The airfield was constructed in the early years of the Second World War and opened in 1943, becoming RAF Dale. It was primarily a Coastal Command station, which made geographical sense given its position commanding the approaches to Milford Haven and the wider St George's Channel. Aircraft operating from Dale — including Sunderland flying boats that used the sheltered waters nearby and land-based patrol aircraft — conducted anti-submarine patrols over the Western Approaches, a theatre of war that was critically important during the Battle of the Atlantic. The station also supported air-sea rescue operations. Like many wartime aerodromes constructed hastily on agricultural land, it was returned to civilian use after 1945 and the military presence wound down, leaving behind the concrete skeleton of a wartime infrastructure that nature and time have been slowly reclaiming ever since.
Physically, visiting Dale Airfield today means walking across a landscape that oscillates between open plateau and coastal edge. The concrete runways and taxiways are still largely present, though broken up in places by frost, vegetation, and decades of weather rolling in off the Atlantic. Gorse and bracken encroach on the margins. The wind here is almost constant and can be fierce — this part of Pembrokeshire is one of the windiest corners of Wales, and the exposed plateau amplifies every Atlantic gust. On a clear day the views are extraordinary, stretching across Milford Haven to the refineries on the northern shore and out to the west toward the open sea. The sounds are elemental: wind, gulls, and the occasional distant throb of a ship navigating the Haven.

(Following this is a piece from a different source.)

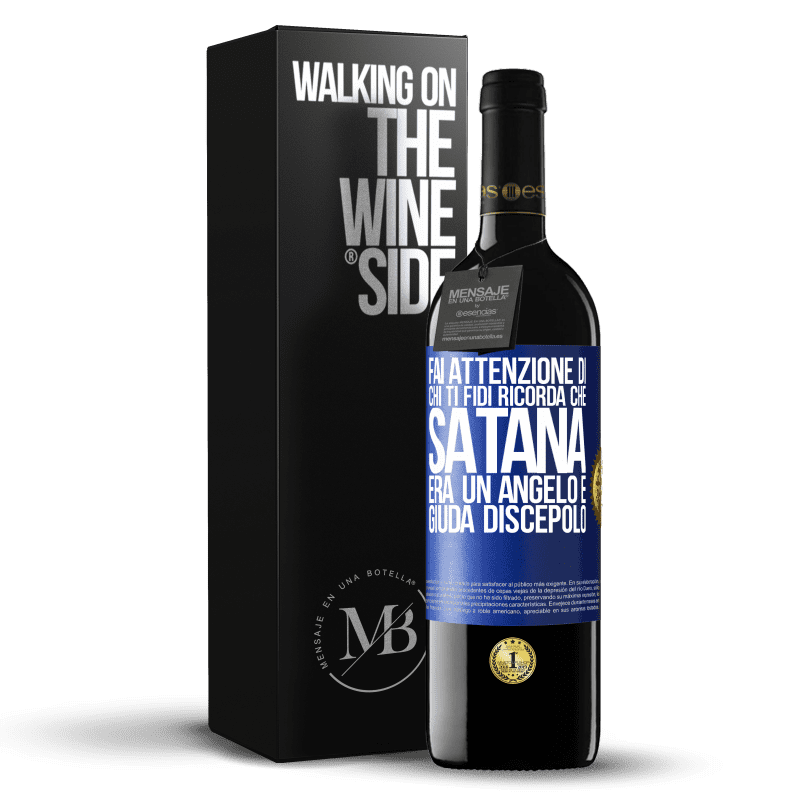 39,95 € Spedizione Gratuita | Vino rosso Edizione RED MBE Riserva Fai attenzione di chi ti fidi. Ricorda che Satana era un angelo e Giuda discepolo Etichetta Blu. Etichetta personalizzabile Riserva 12 Mesi Raccogliere 2016 Tempranillo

The surrounding landscape is the Pembrokeshire Coast National Park, and Dale Airfield sits within one of its more dramatic coastal sections. The village of Dale itself, just below the plateau, is a small sailing community with a sheltered beach and a reputation as one of the sunniest places in Wales. The Dale Peninsula is ringed by the Pembrokeshire Coast Path, which dips and climbs around headlands and coves of considerable beauty. St Ann's Head, the southern tip of the peninsula, is only a short walk or drive away and is home to a lighthouse that has guided ships into Milford Haven for centuries. The entire area around Dale is rich in wildlife, with seabirds, grey seals, and — further out — dolphin and porpoise in season.
Access to the airfield is via minor roads from the village of Dale. Much of the former airfield land is now used for agriculture or sits as open rough ground, and some areas are accessible on foot along the coast path or across public access land, though visitors should be aware that portions of the site may fall on private farmland. The coast path itself provides excellent vantage points over the old airfield infrastructure. There are no formal visitor facilities at the airfield itself, so anyone making the trip should come prepared with appropriate footwear and clothing for exposed coastal conditions. The best time to visit is spring or early summer, when the gorse is in brilliant yellow bloom, visibility is generally good, and the coastal wildlife is at its most active. Autumn visits have their own dramatic quality when storms build in from the southwest. Parking is available in Dale village.
One of the more poignant and historically layered aspects of the Dale Airfield site is how completely the landscape has absorbed what was once a busy, purposeful military installation. During the war years, this plateau would have been a place of noise, fuel, ordnance, and urgent human activity — aircraft engines running up, crews briefing for patrols over some of the most dangerous stretches of ocean in the world. Today the same plateau is largely quiet, with lapwings tumbling in the wind and cattle occasionally grazing across the old dispersal areas. The juxtaposition of that violent and consequential history with the pastoral and coastal calm of the present day is the quality that makes sites like Dale Airfield unexpectedly moving for those who take the time to read the ground beneath their feet.